### Brief
The answer must consist solely of the lines from the line with "METHOD OF INSTALLING" to the end of the data below, transcribed exactly and with no pictures.

**** Records provided

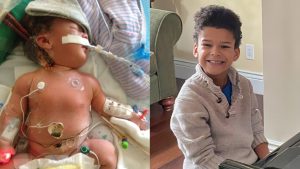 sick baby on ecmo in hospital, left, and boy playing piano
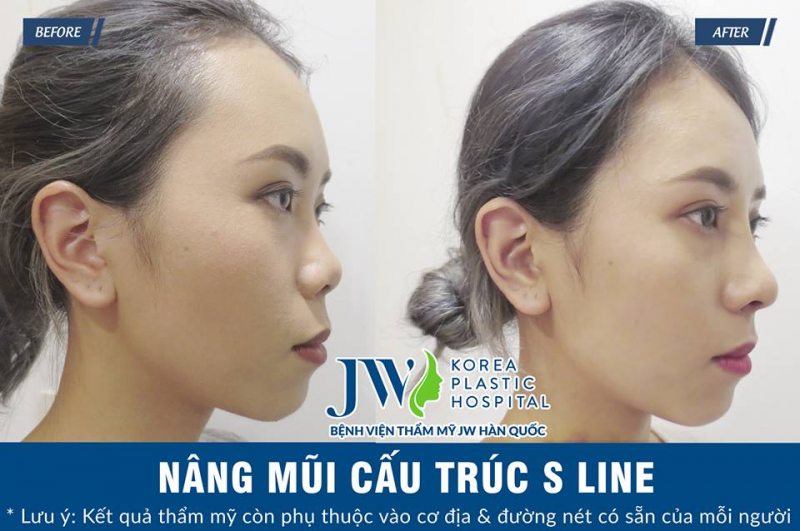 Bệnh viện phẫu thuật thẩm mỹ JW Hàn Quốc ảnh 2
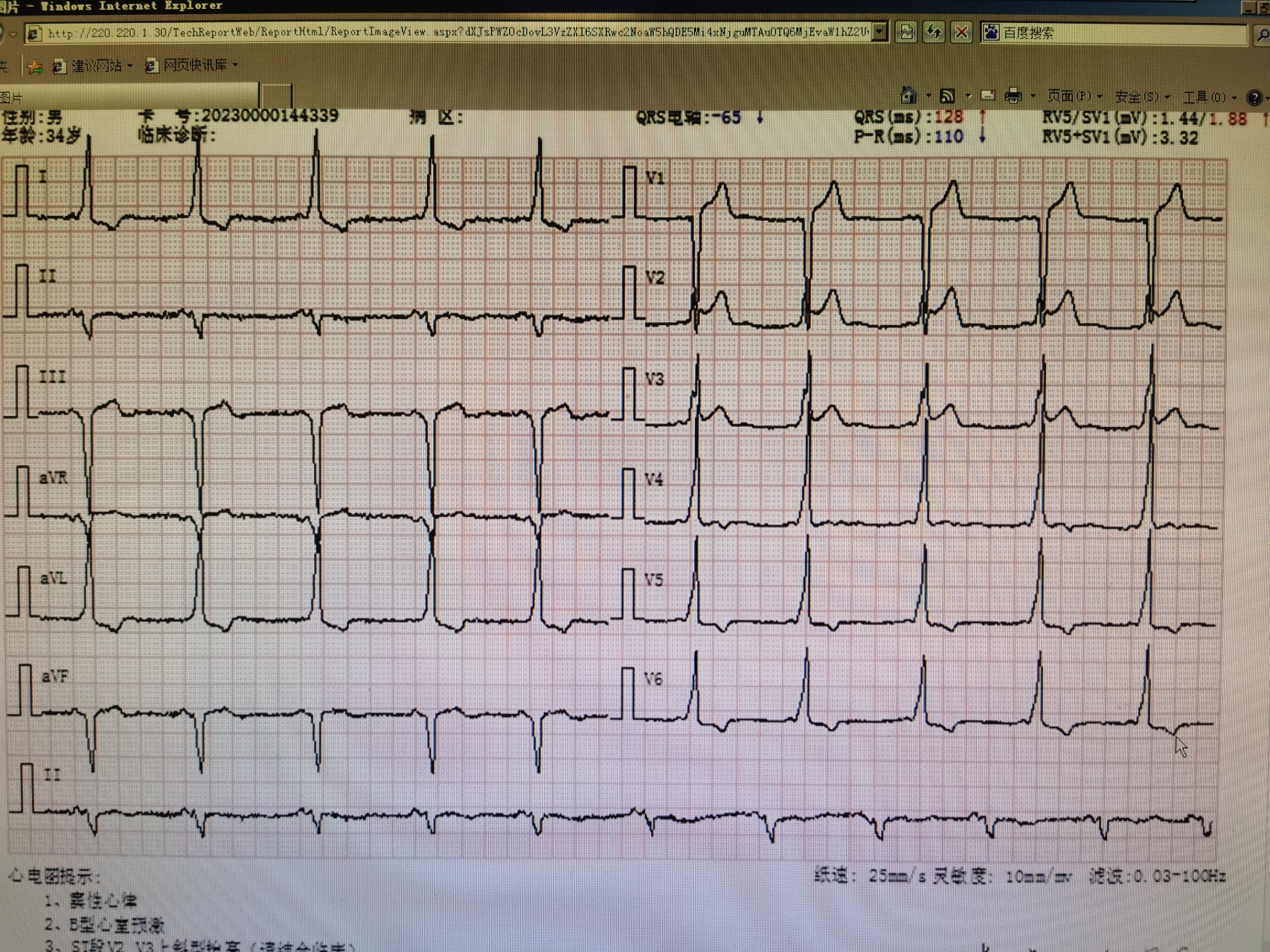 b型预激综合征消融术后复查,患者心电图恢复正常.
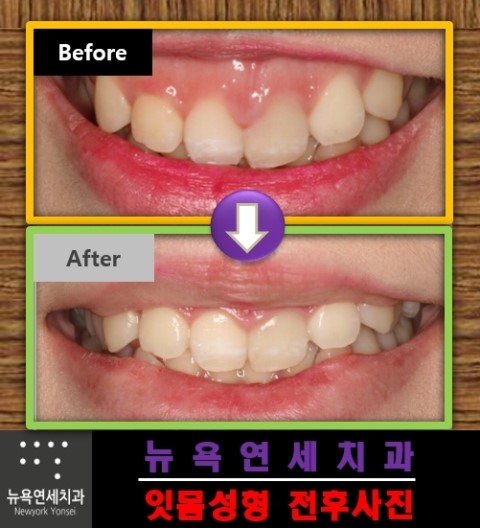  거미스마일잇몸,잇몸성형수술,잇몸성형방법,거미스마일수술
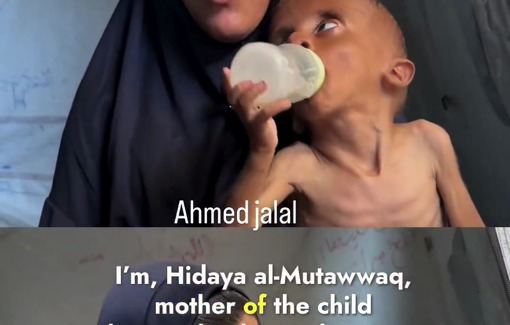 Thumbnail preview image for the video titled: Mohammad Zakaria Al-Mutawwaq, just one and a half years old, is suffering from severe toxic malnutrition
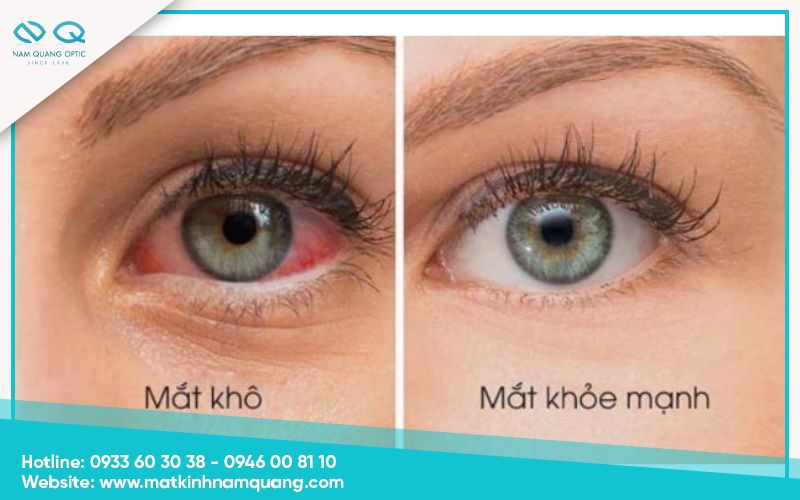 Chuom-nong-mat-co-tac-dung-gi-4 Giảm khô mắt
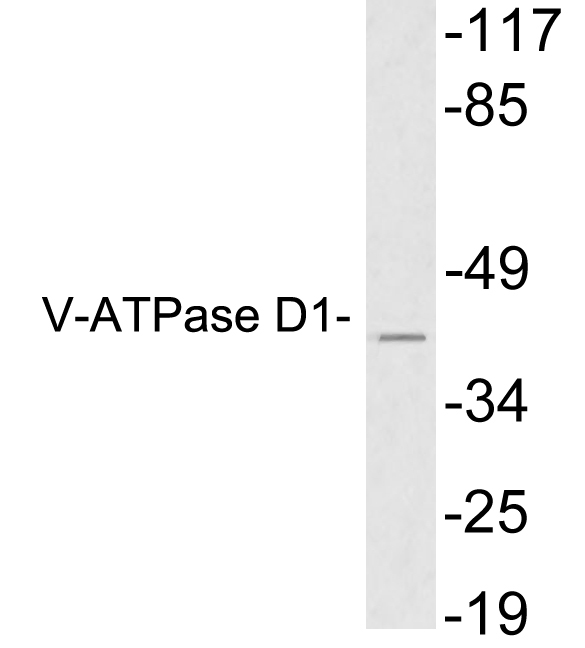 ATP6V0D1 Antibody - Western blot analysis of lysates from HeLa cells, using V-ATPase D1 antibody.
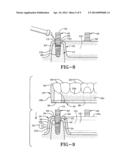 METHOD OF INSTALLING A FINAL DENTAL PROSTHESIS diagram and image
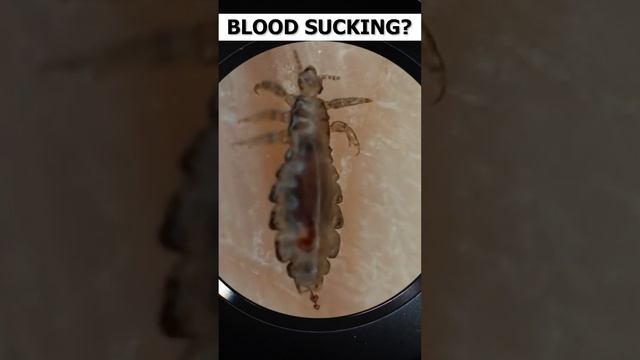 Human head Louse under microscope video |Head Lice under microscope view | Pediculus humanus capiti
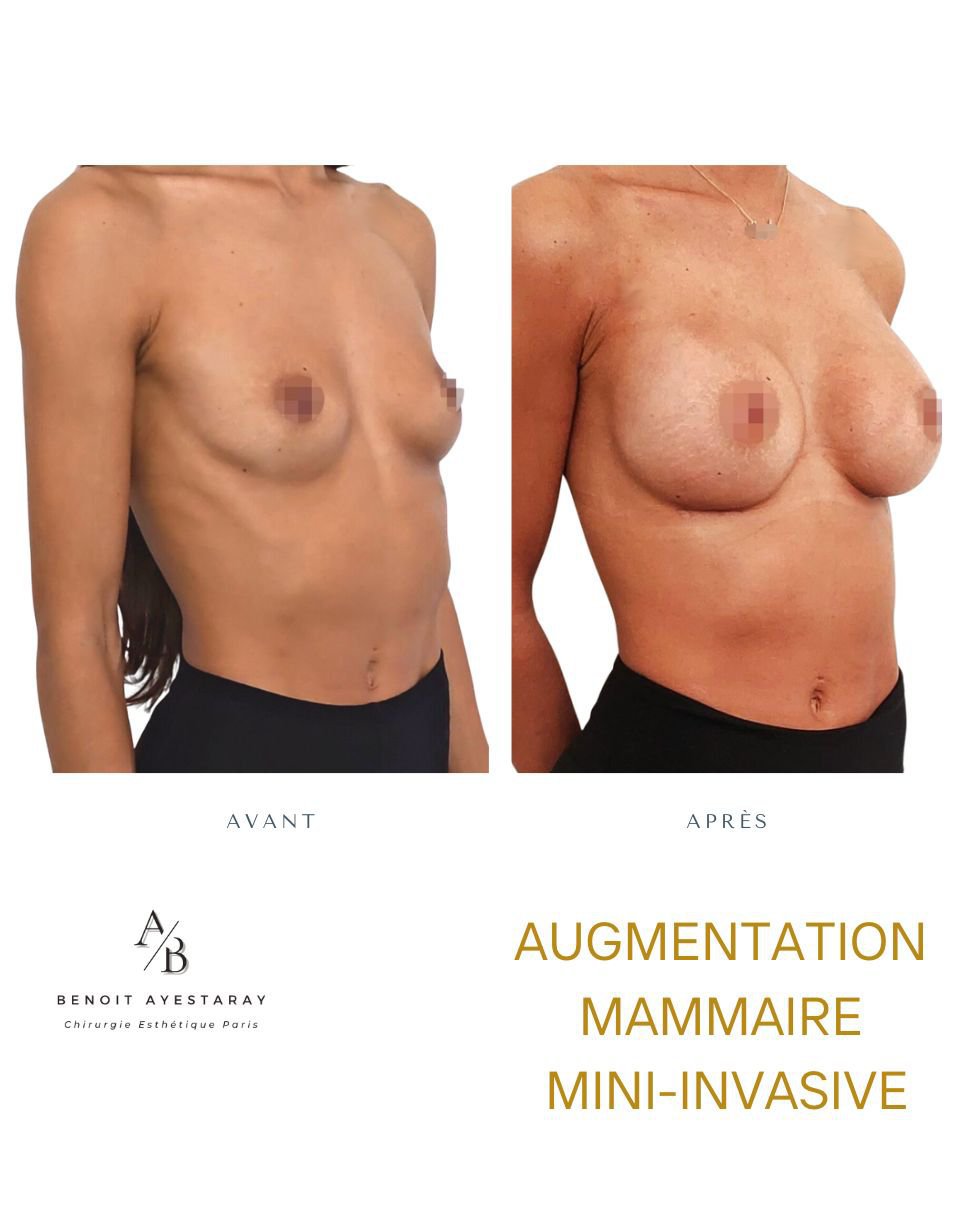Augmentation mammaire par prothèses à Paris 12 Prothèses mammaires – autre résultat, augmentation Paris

********

### Solution
 METHOD OF INSTALLING A FINAL DENTAL PROSTHESIS diagram and image
 Human head Louse under microscope video |Head Lice under microscope view | Pediculus humanus capiti
Augmentation mammaire par prothèses à Paris 12 Prothèses mammaires – autre résultat, augmentation Paris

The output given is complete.